- [Work required]: A line containing "Used Gearbox mount" appears in the material below. Return exactly every line from the first through that one, and only those.
Start of Data to process
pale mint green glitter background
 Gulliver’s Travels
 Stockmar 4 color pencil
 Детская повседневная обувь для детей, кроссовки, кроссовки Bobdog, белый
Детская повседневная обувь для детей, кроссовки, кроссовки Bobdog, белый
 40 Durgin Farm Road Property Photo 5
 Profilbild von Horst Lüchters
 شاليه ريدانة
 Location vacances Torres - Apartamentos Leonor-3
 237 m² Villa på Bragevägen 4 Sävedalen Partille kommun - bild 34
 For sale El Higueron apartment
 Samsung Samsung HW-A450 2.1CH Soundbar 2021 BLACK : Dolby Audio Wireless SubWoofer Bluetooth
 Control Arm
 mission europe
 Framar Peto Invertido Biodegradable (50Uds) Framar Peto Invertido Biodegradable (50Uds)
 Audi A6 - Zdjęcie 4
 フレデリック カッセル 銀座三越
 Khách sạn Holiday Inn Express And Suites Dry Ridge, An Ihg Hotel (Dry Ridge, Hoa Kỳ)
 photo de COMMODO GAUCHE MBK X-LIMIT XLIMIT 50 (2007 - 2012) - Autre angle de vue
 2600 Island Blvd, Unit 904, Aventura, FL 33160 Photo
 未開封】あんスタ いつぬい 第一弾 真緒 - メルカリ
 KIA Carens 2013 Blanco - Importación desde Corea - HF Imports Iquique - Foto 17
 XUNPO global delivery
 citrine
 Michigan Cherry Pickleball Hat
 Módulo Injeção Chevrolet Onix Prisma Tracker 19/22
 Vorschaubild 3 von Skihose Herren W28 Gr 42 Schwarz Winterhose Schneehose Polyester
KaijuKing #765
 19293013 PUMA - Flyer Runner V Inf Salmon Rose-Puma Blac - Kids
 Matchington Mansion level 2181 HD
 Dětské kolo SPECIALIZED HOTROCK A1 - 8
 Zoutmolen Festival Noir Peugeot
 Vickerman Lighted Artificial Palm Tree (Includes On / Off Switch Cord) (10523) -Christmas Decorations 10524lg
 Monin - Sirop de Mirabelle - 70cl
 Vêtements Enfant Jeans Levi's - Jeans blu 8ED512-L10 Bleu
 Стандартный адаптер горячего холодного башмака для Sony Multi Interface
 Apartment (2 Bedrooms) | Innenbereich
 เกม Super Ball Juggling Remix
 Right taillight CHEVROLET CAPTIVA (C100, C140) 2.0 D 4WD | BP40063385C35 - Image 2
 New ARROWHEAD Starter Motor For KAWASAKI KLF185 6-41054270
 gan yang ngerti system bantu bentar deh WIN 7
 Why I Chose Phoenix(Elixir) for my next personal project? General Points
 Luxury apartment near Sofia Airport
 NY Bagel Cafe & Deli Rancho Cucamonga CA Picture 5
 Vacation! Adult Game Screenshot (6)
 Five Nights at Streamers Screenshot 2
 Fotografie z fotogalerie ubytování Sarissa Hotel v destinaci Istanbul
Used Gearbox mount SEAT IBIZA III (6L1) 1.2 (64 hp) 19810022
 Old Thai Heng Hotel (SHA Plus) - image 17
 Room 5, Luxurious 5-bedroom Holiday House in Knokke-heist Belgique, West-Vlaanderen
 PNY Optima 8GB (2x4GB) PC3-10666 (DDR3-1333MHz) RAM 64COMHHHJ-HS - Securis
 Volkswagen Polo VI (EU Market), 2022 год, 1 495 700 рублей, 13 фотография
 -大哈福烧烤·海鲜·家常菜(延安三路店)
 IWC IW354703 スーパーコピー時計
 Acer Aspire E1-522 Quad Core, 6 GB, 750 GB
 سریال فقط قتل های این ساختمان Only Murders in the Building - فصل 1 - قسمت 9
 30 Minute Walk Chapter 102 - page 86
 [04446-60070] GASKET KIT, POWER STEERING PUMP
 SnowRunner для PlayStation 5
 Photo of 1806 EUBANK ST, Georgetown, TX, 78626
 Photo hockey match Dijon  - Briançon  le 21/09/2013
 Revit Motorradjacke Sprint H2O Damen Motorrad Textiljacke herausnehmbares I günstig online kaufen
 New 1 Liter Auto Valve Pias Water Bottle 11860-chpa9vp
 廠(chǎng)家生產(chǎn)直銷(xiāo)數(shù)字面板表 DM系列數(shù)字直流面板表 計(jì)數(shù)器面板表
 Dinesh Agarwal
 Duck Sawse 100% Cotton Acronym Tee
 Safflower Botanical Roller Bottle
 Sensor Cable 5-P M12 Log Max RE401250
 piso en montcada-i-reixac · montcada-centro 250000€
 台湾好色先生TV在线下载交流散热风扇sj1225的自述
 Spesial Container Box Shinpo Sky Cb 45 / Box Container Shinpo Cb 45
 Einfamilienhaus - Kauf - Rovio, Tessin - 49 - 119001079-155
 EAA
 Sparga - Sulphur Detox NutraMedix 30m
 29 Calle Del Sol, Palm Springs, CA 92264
End of Data to process
- [Solution to this exercise]:
pale mint green glitter background
 Gulliver’s Travels
 Stockmar 4 color pencil
 Детская повседневная обувь для детей, кроссовки, кроссовки Bobdog, белый
Детская повседневная обувь для детей, кроссовки, кроссовки Bobdog, белый
 40 Durgin Farm Road Property Photo 5
 Profilbild von Horst Lüchters
 شاليه ريدانة
 Location vacances Torres - Apartamentos Leonor-3
 237 m² Villa på Bragevägen 4 Sävedalen Partille kommun - bild 34
 For sale El Higueron apartment
 Samsung Samsung HW-A450 2.1CH Soundbar 2021 BLACK : Dolby Audio Wireless SubWoofer Bluetooth
 Control Arm
 mission europe
 Framar Peto Invertido Biodegradable (50Uds) Framar Peto Invertido Biodegradable (50Uds)
 Audi A6 - Zdjęcie 4
 フレデリック カッセル 銀座三越
 Khách sạn Holiday Inn Express And Suites Dry Ridge, An Ihg Hotel (Dry Ridge, Hoa Kỳ)
 photo de COMMODO GAUCHE MBK X-LIMIT XLIMIT 50 (2007 - 2012) - Autre angle de vue
 2600 Island Blvd, Unit 904, Aventura, FL 33160 Photo
 未開封】あんスタ いつぬい 第一弾 真緒 - メルカリ
 KIA Carens 2013 Blanco - Importación desde Corea - HF Imports Iquique - Foto 17
 XUNPO global delivery
 citrine
 Michigan Cherry Pickleball Hat
 Módulo Injeção Chevrolet Onix Prisma Tracker 19/22
 Vorschaubild 3 von Skihose Herren W28 Gr 42 Schwarz Winterhose Schneehose Polyester
KaijuKing #765
 19293013 PUMA - Flyer Runner V Inf Salmon Rose-Puma Blac - Kids
 Matchington Mansion level 2181 HD
 Dětské kolo SPECIALIZED HOTROCK A1 - 8
 Zoutmolen Festival Noir Peugeot
 Vickerman Lighted Artificial Palm Tree (Includes On / Off Switch Cord) (10523) -Christmas Decorations 10524lg
 Monin - Sirop de Mirabelle - 70cl
 Vêtements Enfant Jeans Levi's - Jeans blu 8ED512-L10 Bleu
 Стандартный адаптер горячего холодного башмака для Sony Multi Interface
 Apartment (2 Bedrooms) | Innenbereich
 เกม Super Ball Juggling Remix
 Right taillight CHEVROLET CAPTIVA (C100, C140) 2.0 D 4WD | BP40063385C35 - Image 2
 New ARROWHEAD Starter Motor For KAWASAKI KLF185 6-41054270
 gan yang ngerti system bantu bentar deh WIN 7
 Why I Chose Phoenix(Elixir) for my next personal project? General Points
 Luxury apartment near Sofia Airport
 NY Bagel Cafe & Deli Rancho Cucamonga CA Picture 5
 Vacation! Adult Game Screenshot (6)
 Five Nights at Streamers Screenshot 2
 Fotografie z fotogalerie ubytování Sarissa Hotel v destinaci Istanbul
Used Gearbox mount SEAT IBIZA III (6L1) 1.2 (64 hp) 19810022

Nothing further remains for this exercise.